Fellow Coun. Craig Cameron was absent for the previous vote. Apparently the two councillors thought he’d support the $80,000-plus “temporary” lanes proposal for the 1300-block Argyle. Wrong. Their motion was beaten 5-2. As Constant Reader knows, this corner sees the Spirit Trail as not meant for serious bicycle commuters – praise them – but for the kind of consumer/faddist who fits the shrewd description of “cycling is the new golf.” Spandex-clad show-offs not satisfied with exercising but who want to be seen to be exercising.
Note: I erred in my Oct. 6 tantrum, confusing years of staff and council plans bearing long-winded titles with lobby groups.
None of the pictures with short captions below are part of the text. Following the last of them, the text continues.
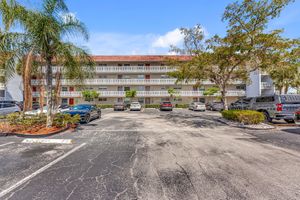 3551 INVERRARY DR 212, LAUDERHILL, FL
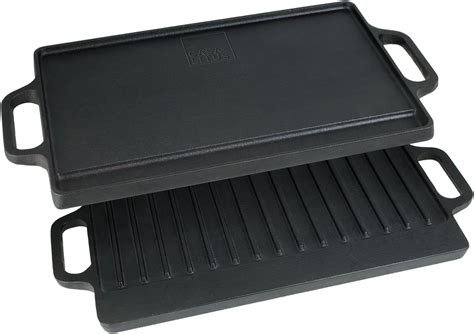 Plato para asar de metal en una parrilla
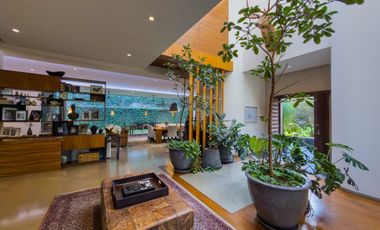 Preciosa casa en Venta en Puerta del Bosque zona Andares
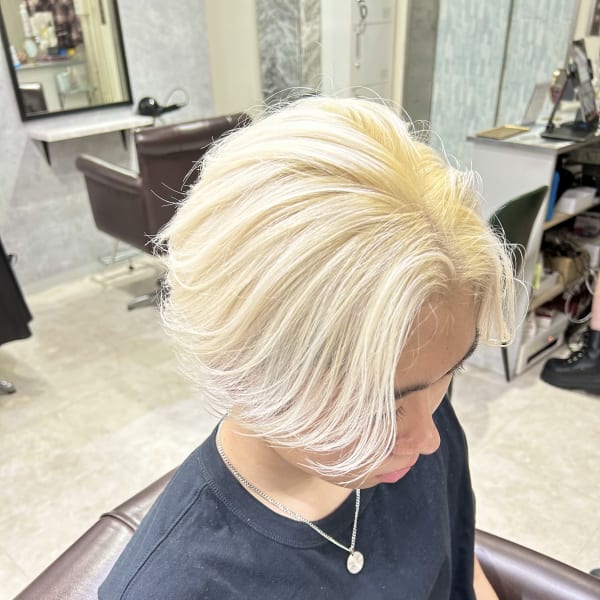 メンズブリーチ ホワイトカラー センターパート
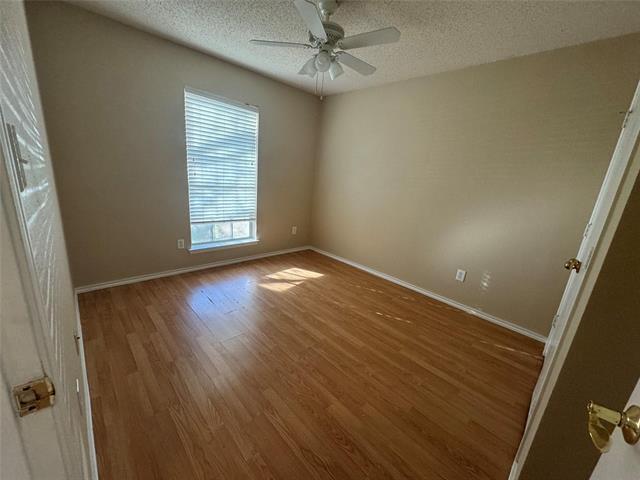 Building Photo - 7021 Spoonbill Ct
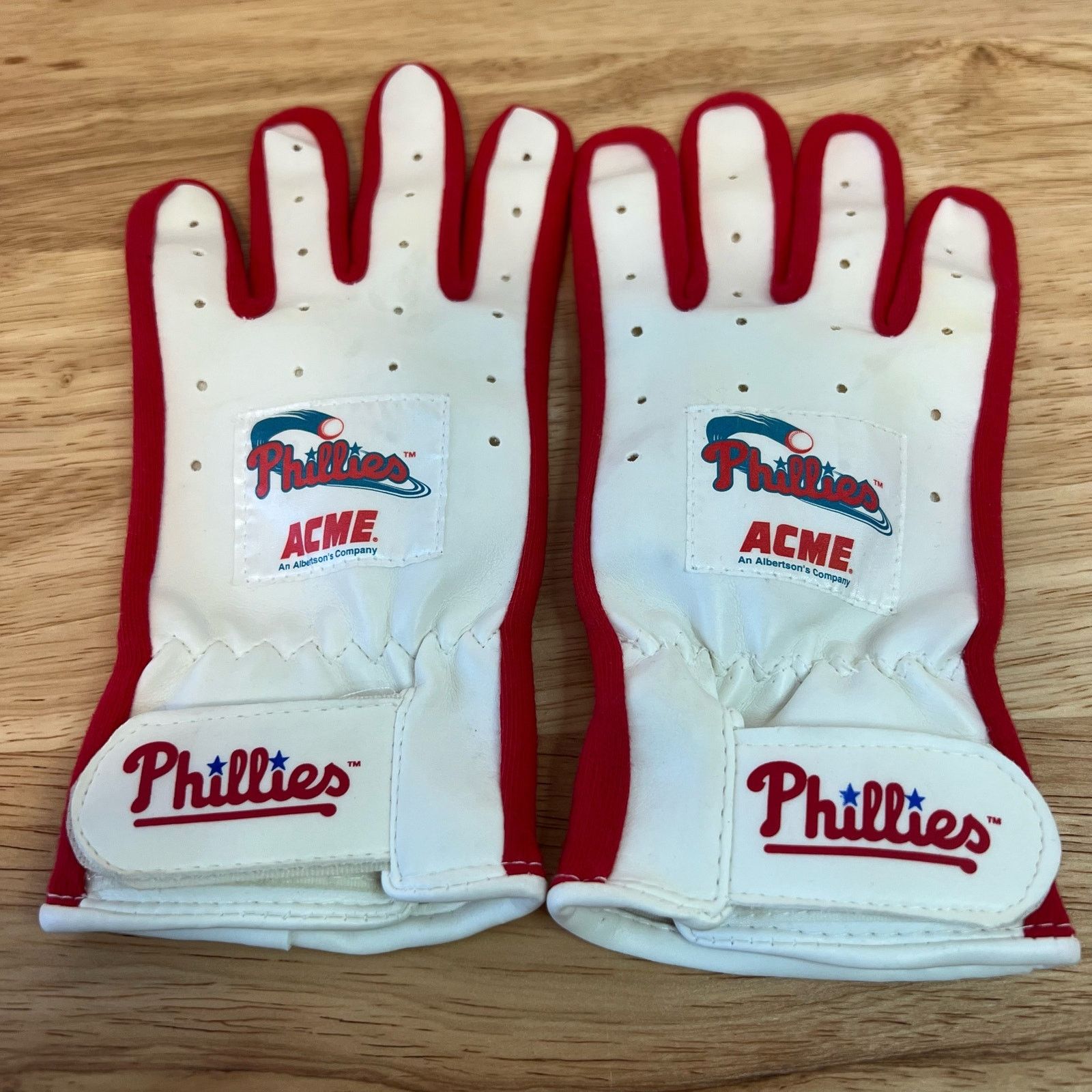 MLB Philadelphia Phillies ACME Retro MLB Baseball Batting Gloves Size ONE SIZE - 4 Thumbnail
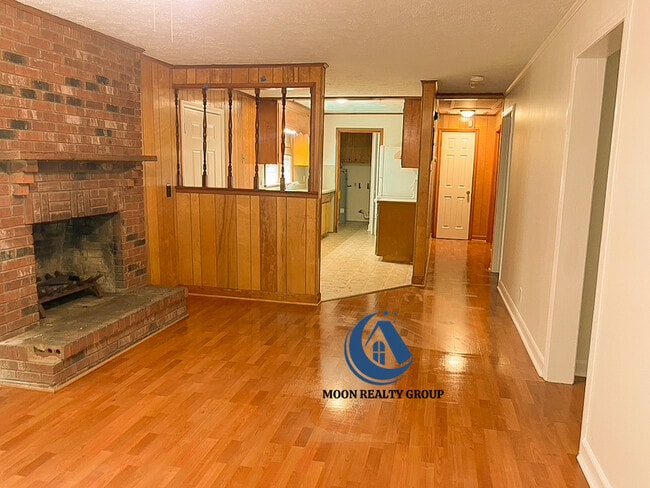 Photo - 710 E Chestnut St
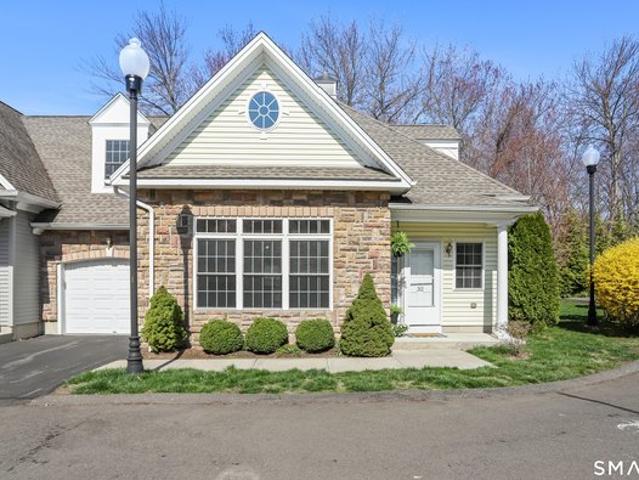 Townhouse for sale in Milford, Connecticut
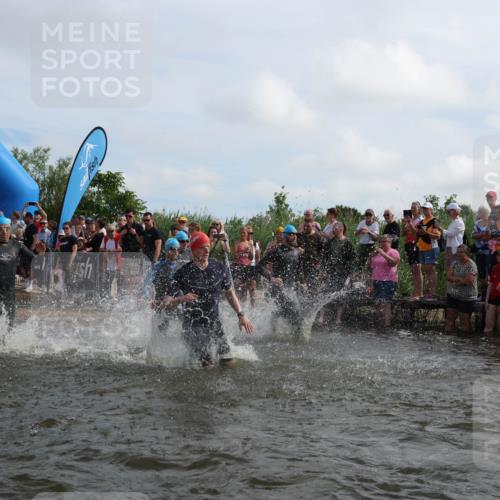 21.06.2026 - Viking Triathlon Michael Strokosch http://msf.ph/oto/9820755 21.06.2026 10:01:34 Schwimmen 13, 26, 62, 109, 113, 161, 278, 300, 311, 359, 551, 568, 576, 627, 633 meine-sportfotos.de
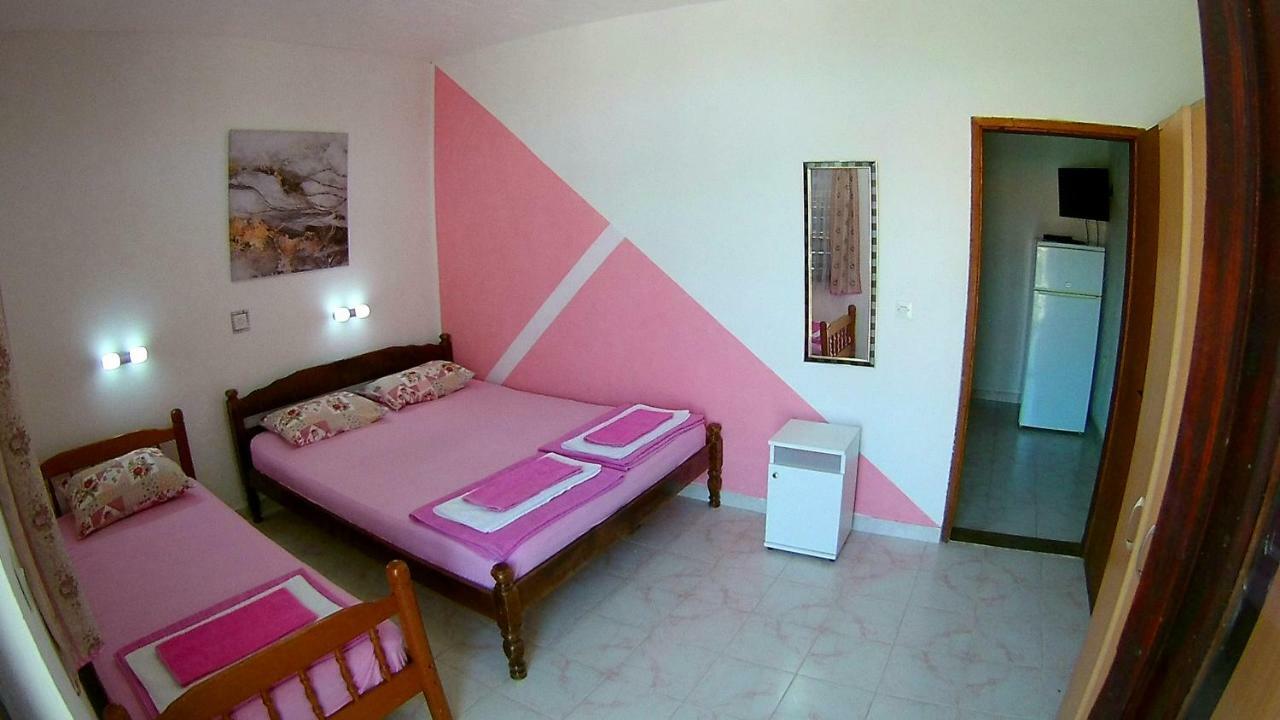 Apartments Ceca ティヴァト エクステリア 写真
My apologies.
In 23 years at this hot dog stand I can’t recall more, or angrier, public reaction to a proposal than to the art-gallery-plus thingee smack on the John Lawson Park parking lot in the 1600-block Argyle.
For good example, here’s bright and gritty and funny New Democrat campaigner (West Vancouver-Capilano) Terry Platt, recovering from a serious operation.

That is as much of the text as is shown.